沈黙の時間の長さで、受け手の心情や傷の深さは測れないのです。
信頼関係があれば許されるか?
信頼関係があるからこそ、被害者にとっては、信頼していたのに裏切られたという絶望が大きく、信頼が厚かった相手ほど拒絶し辛いものです。
信頼関係は破綻し、被害者は人間不信に陥ります。
もしも信頼関係がないとしたら許されないような行為は、決してしてはならない行為です。
また、信頼関係というのは、脆く儚いものです。
何かの小さなきっかけでホロリと破綻します。
破綻した後、過去の出来事(過去の時点では気になっていなかったことも)を思い出し、不快感に襲われることもあります。
いつか関係性が悪化したときに、今日の出来事は問題にならないだろうか、という視点が大切です。
理解はできなくても、軽んじないで
セクハラ被害の未経験者に、被害者の心情を自分ごとのように理解してもらうことは難しいでしょう。

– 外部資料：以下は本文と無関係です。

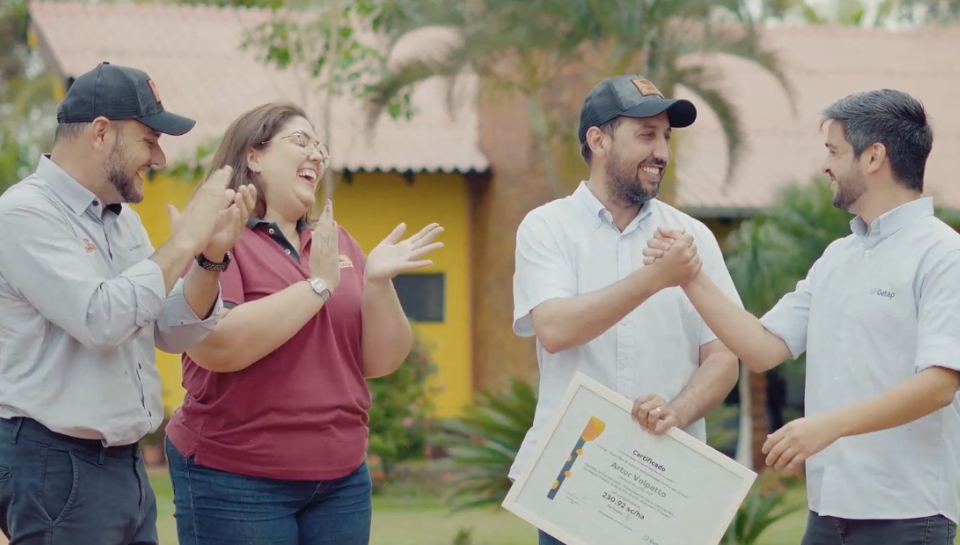 No milho sequeiro, o primeiro colocado foi Artur Volpatto, de Campos de Júlio/MT, que atingiu a marca de 230,9 sc/ha (Bayer) Divulgação Getap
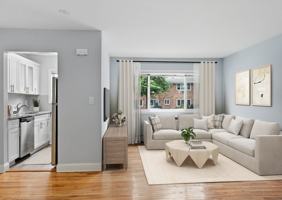 featured image of 835 Nesconset Hwy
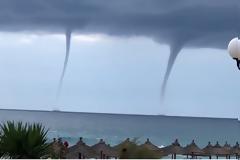 Εντυπωσιακός υδροστρόβιλος στην Πρέβεζα (βίντεο: n.p. photography)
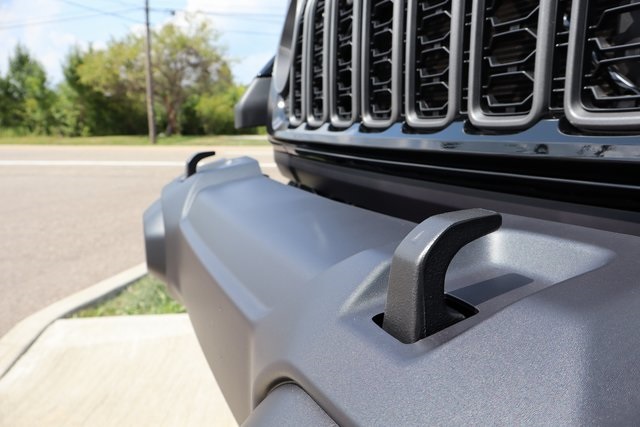 2025 Jeep Gladiator Sport S photo 2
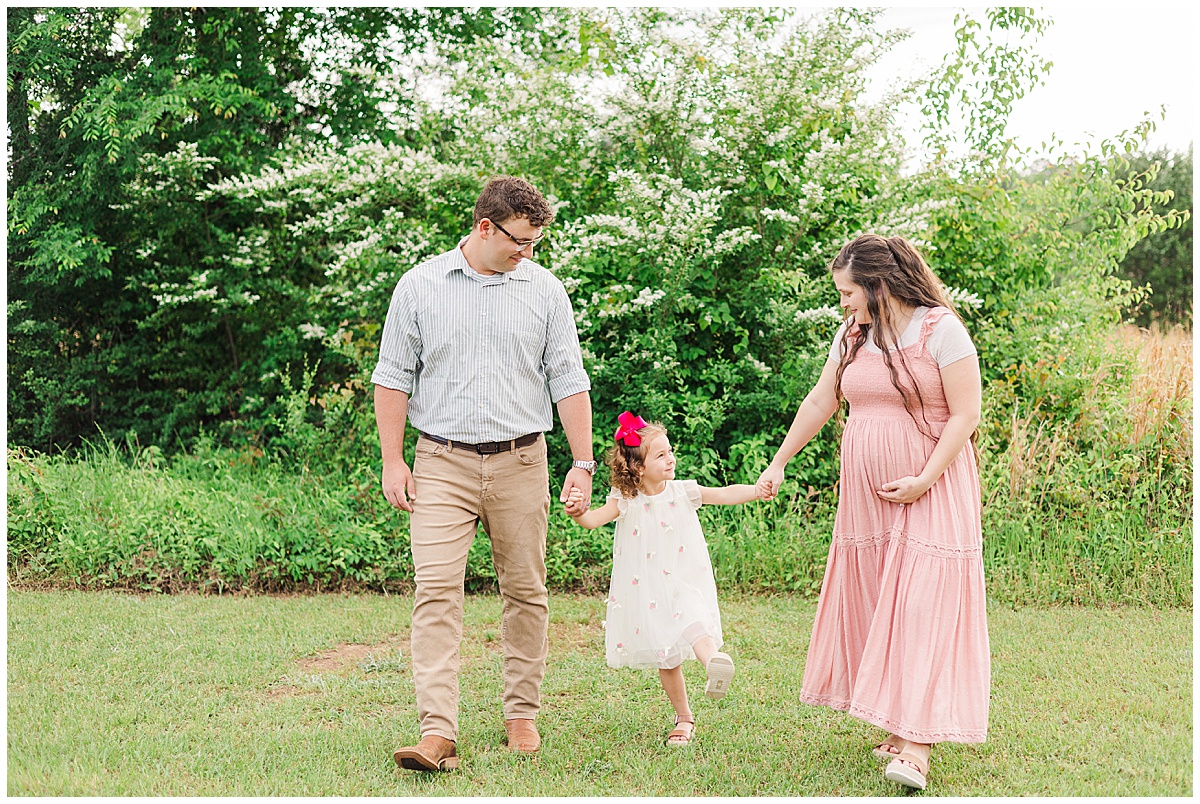 A Heartfelt Maternity Session in North Louisiana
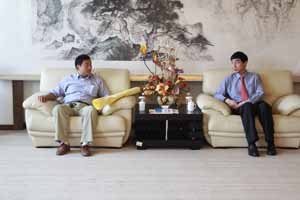 捐资助学情无价 受助学子送锦旗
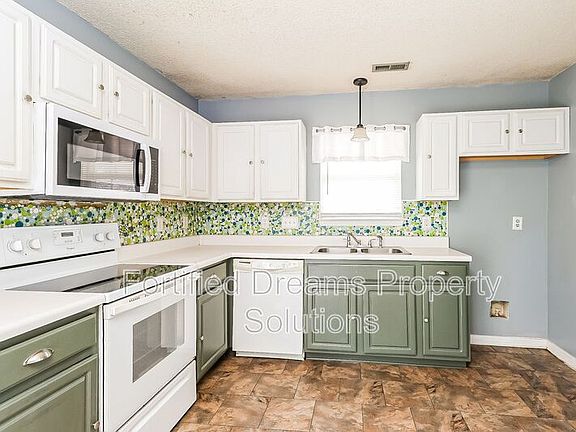 2nd image of 3321 Hunting Wood Ct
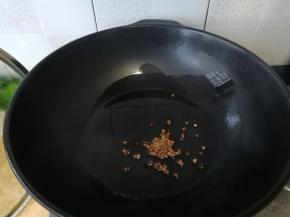 放入花椒爆香后取出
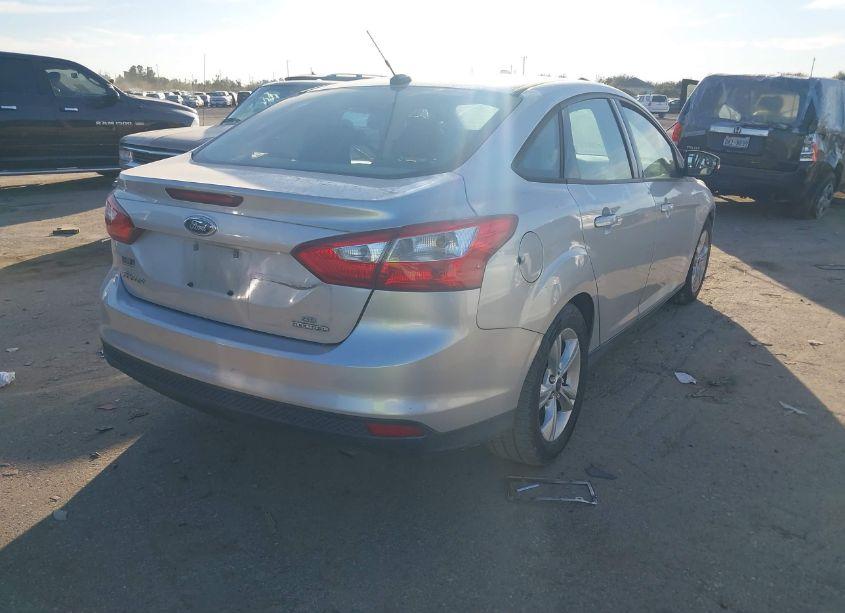 Photo 4 of 2014 Ford Focus SE (VIN 1FADP3F23EL122998)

それでも、被害者の言葉にできない気持ちを汲み取り、代弁してあげるか、何も言わずにただそばにいてあげることはできるでしょう。
少なくとも、理解できないからと言って、被害者の心情を軽んじたり、責任を問い詰めたり、侮辱したり、敵対したりはせず、自分の家族が同じ被害を受けたらと想像し、心情に寄り添ってあげていただきたいものです。